SOURCE MATERIAL »
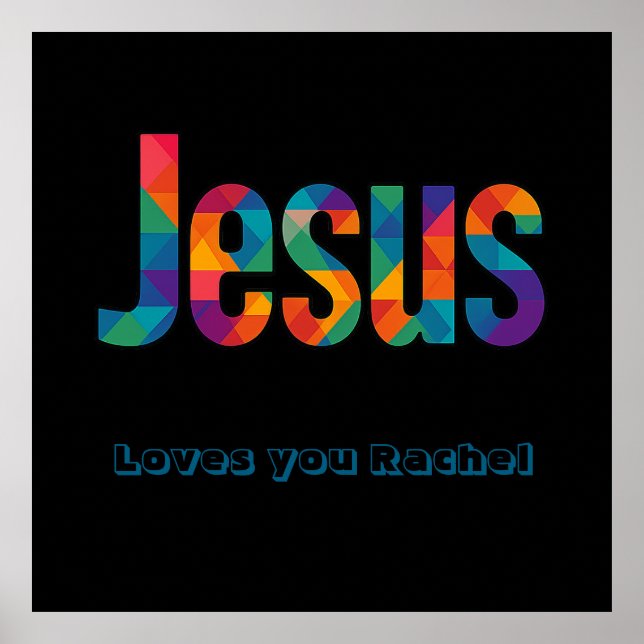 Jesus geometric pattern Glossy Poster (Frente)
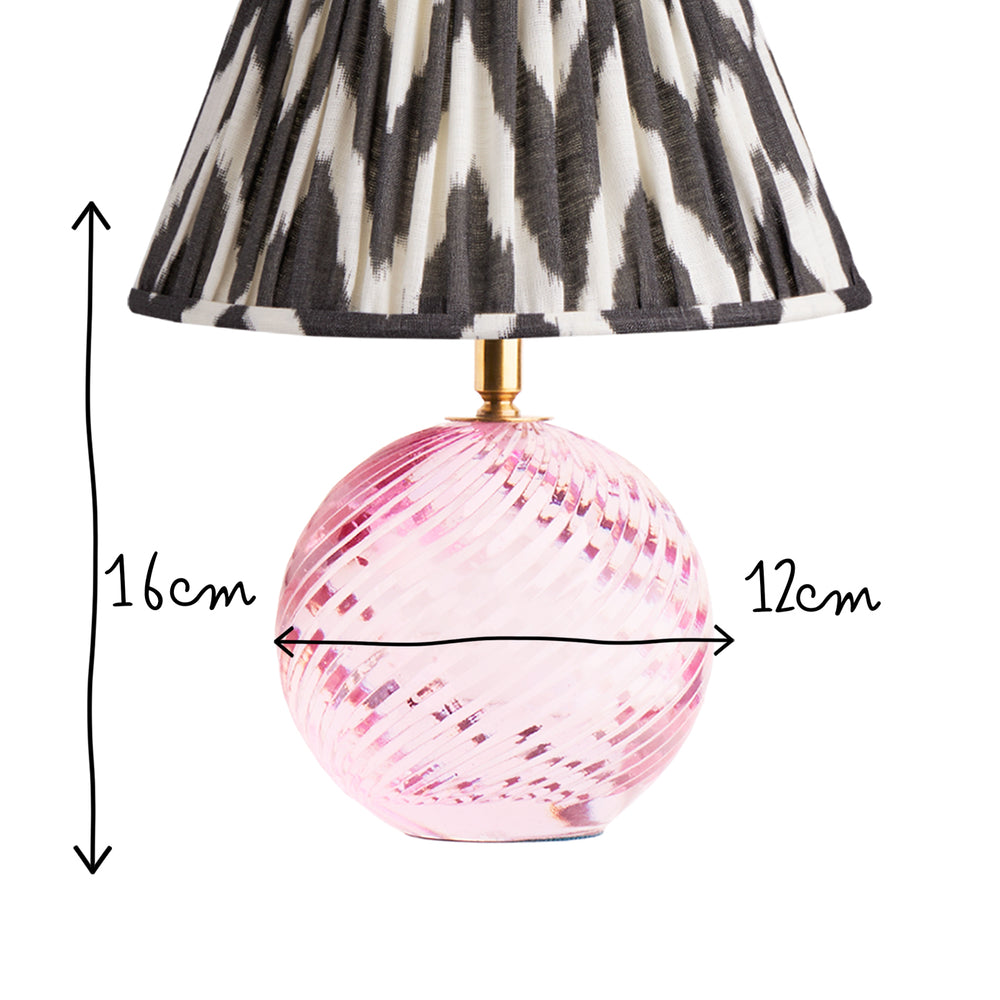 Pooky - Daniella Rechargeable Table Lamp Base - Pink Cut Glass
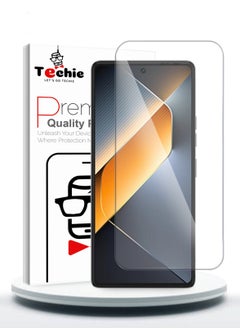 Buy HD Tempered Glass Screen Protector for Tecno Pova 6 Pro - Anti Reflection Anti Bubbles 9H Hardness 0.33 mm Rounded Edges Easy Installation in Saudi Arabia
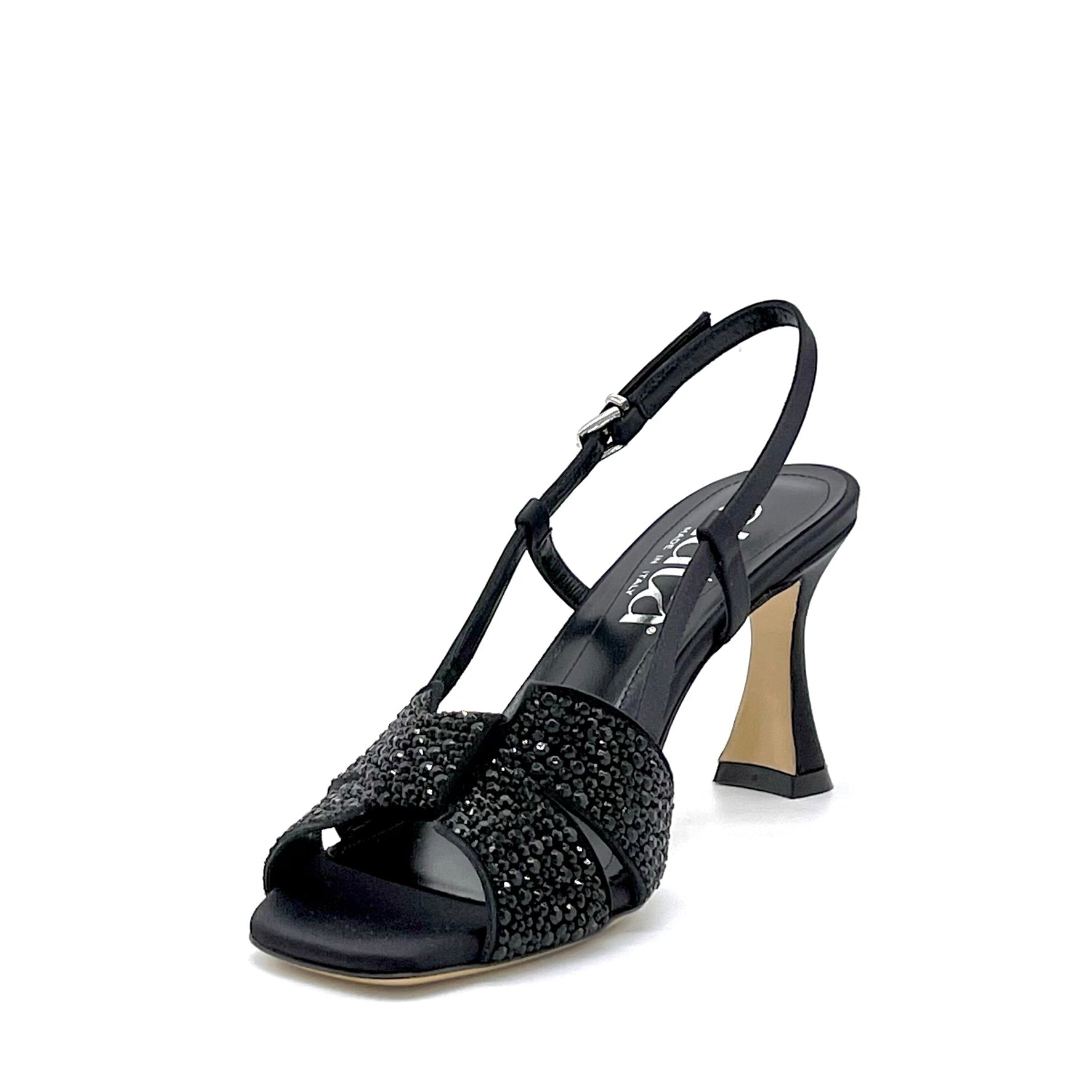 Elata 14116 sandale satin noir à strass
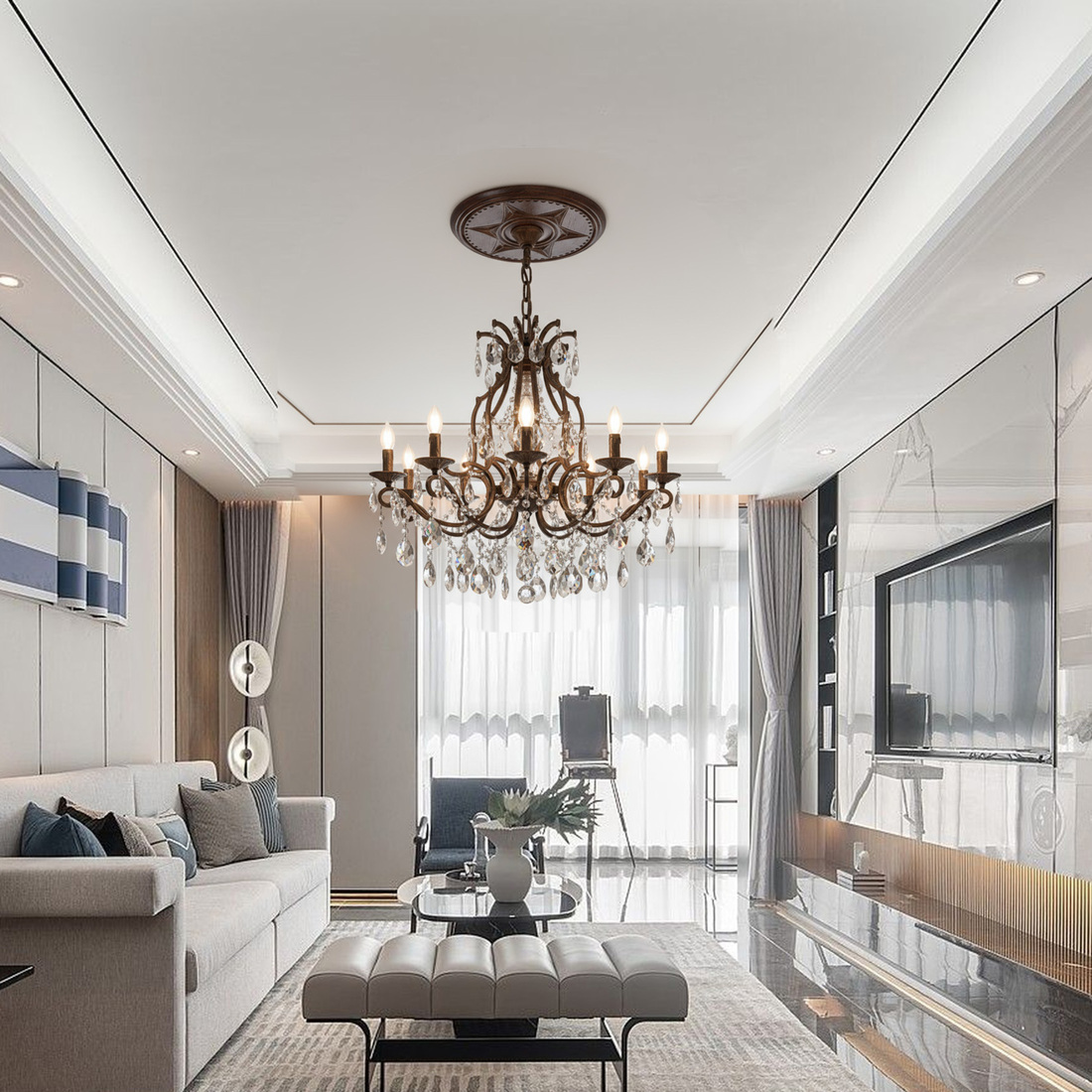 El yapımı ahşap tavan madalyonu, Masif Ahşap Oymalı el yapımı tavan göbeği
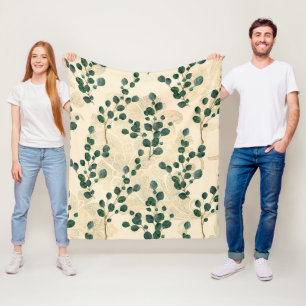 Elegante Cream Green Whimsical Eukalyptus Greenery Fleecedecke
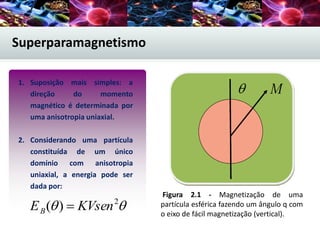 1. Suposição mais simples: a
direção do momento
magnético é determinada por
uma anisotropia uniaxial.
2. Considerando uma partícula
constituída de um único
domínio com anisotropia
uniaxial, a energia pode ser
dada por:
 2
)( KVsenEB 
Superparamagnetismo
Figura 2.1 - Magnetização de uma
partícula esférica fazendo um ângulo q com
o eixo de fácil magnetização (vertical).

EXERCISE AIM »
What you return should be the full listing, unchanged, minus the pictures.

SOLUTION TO THE PROBLEM »
 Jesus geometric pattern Glossy Poster (Frente)
 Pooky - Daniella Rechargeable Table Lamp Base - Pink Cut Glass
 Buy HD Tempered Glass Screen Protector for Tecno Pova 6 Pro - Anti Reflection Anti Bubbles 9H Hardness 0.33 mm Rounded Edges Easy Installation in Saudi Arabia
 Elata 14116 sandale satin noir à strass
 El yapımı ahşap tavan madalyonu, Masif Ahşap Oymalı el yapımı tavan göbeği
 Elegante Cream Green Whimsical Eukalyptus Greenery Fleecedecke
 1. Suposição mais simples: a
direção do momento
magnético é determinada por
uma anisotropia uniaxial.
2. Considerando uma partícula
constituída de um único
domínio com anisotropia
uniaxial, a energia pode ser
dada por:
 2
)( KVsenEB 
Superparamagnetismo
Figura 2.1 - Magnetização de uma
partícula esférica fazendo um ângulo q com
o eixo de fácil magnetização (vertical).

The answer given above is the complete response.